For a long time, especially while growing up, I was insistent that computer games didn't cause violence, and that anyone who blamed a school shooting or mob battering on Grand Theft Auto was clearly mad, irresponsible, and a host of other unpleasant things. After all, one of my favourites was Carmageddon - which is fantastic fun, by the way - and I turned out all right (apart from aiming for that chav one time, but I think that was forgivable). But the opinion of the innocence of the humble video game that I held throughout my entire school career has now evaporated because I have started playing Lemmings.

I originally played the first game when we got a copy on disk from a family friend (software piracy being rather unheard of and therefore somewhat easier in the days that I was unaware of the existence of "Don't Copy That Floppy"). I can't have been more than about eight at the time, and my mode of play was strictly limited to the "Fun" set of levels, where any idiot with reasonable mouse control could get through the levels by giving them a couple of Bashers at random.

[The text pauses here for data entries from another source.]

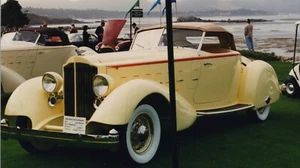 1936 Packard 120 Convertible Yellow Elegant Design Vintage Appeal Scenic Show - Picture 1 of 3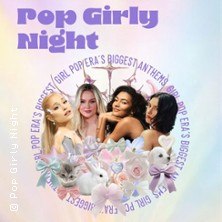 Vier Frauen posieren vor einem pastellfarbenen Hintergrund mit dem Text 'Pop Girly Night'. Umgeben von Blumen und Hasen., &copy; links im Bild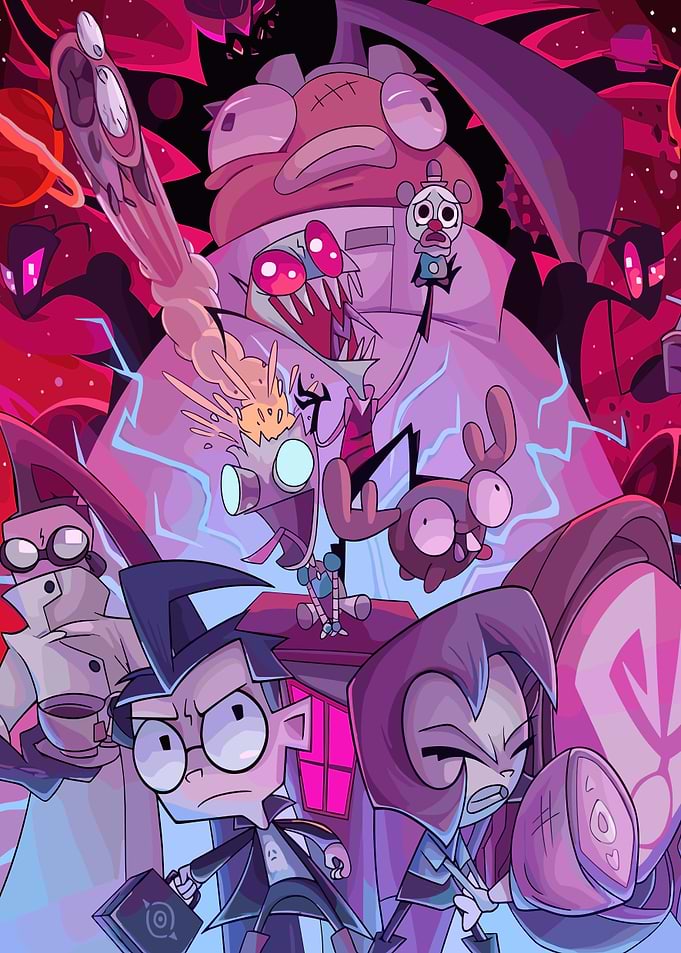 Invader Zim Cartoon Character Group Shot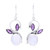 Rainbow Moonstone Amethyst Sterling Silver Dangle Earrings 'Moonglow Bloom'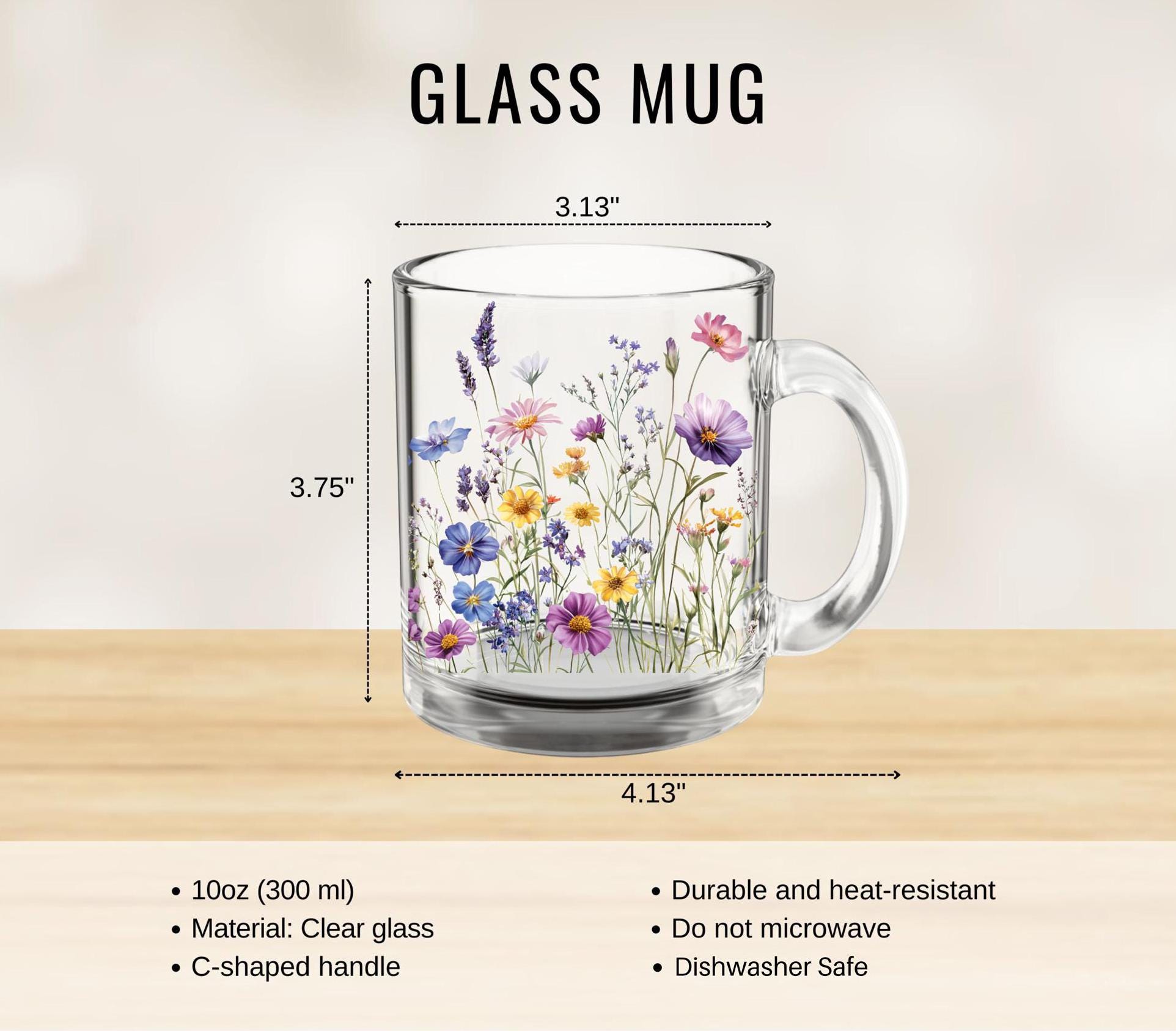 Wildflower Mug Glass, Boho Wildflowers Clear Glass Mug, Flowers Mug ...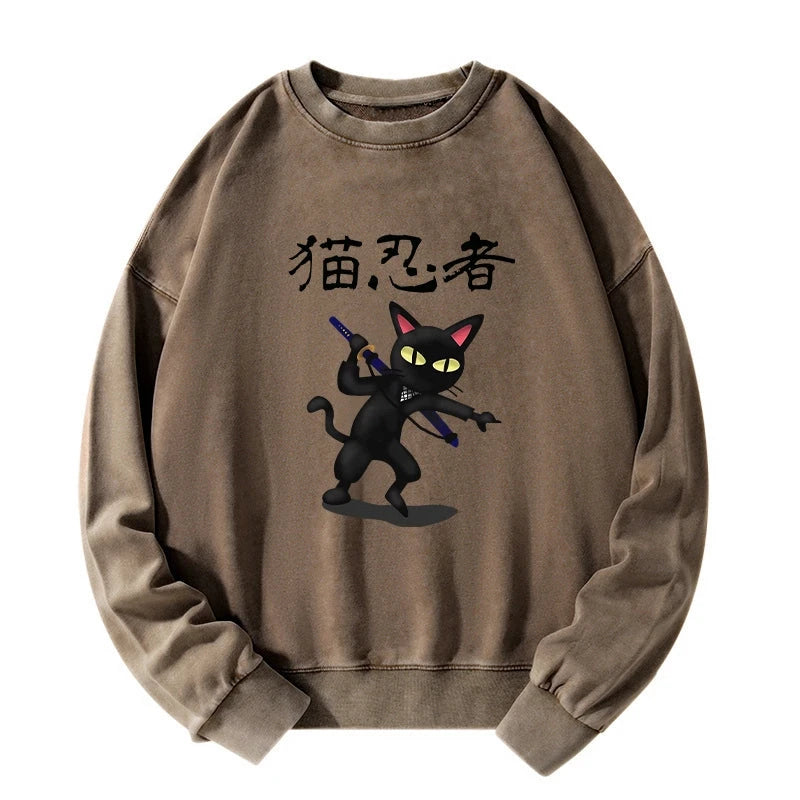 Ninja Cat Washed Sweatshirt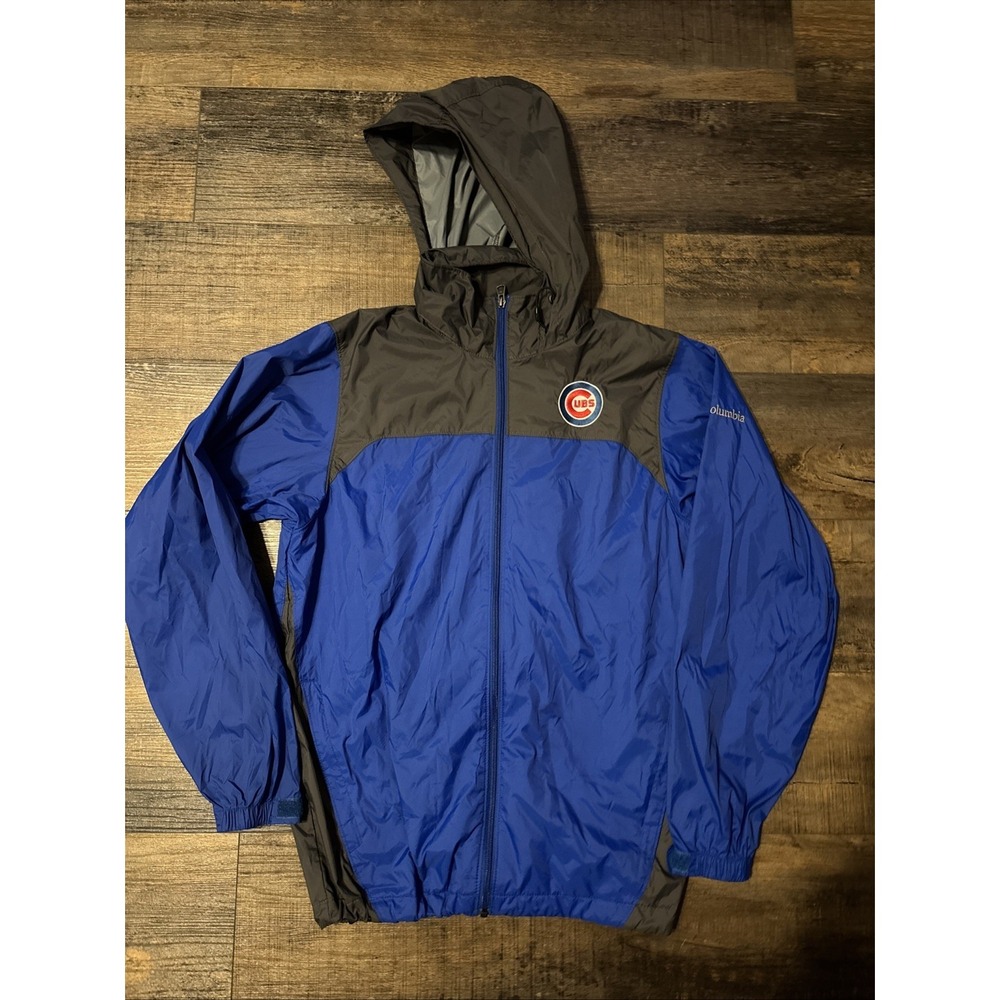 Columbia Chicago Cubs Hooded Rain Windbreaker Jacket Blue Nylon Full Zip Small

But it wasn't until recently, when I discovered the game sitting on my pendrive during a train journey, that I made a resolution to finally complete it. After all, I decided, I was three times the age that I was when I first played it, so I should have at least some clue about what to do now, and could breeze through it with the aid of problem solving and some luck.

Oh, go ahead and kill yourselves, see if I care.
Habitually, I didn't swear before starting playing this game. It wasn't a conscious or moralistic choice, it was just something that I always felt strangely uncomfortable about. But after getting through to some of the harder levels while playing it on the train during my commute, my immediate airspace is rapidly turned a light shade of blue due to a Builder building decisively in the wrong direction, or an Exploder blowing up a pixel before he was meant to. The only reason I haven't actually killed anyone yet is because I have GameFAQs to fall back on if I get completely stuck, but wireless Internet has sadly not extended underground yet and for most of the time I'm playing it, that's not an option.

If by some miracle you have got through life without hearing of this game, the object is to guide a troop of green-haired men (who don't actually resemble lemmings in any way) to the exit of each level, using a number of the ten skills that you can assign to them whenever possible. If not assigned skills, the crowd will march helplessly off cliffs, into water, down wells or into imposing grinding machines without flinching.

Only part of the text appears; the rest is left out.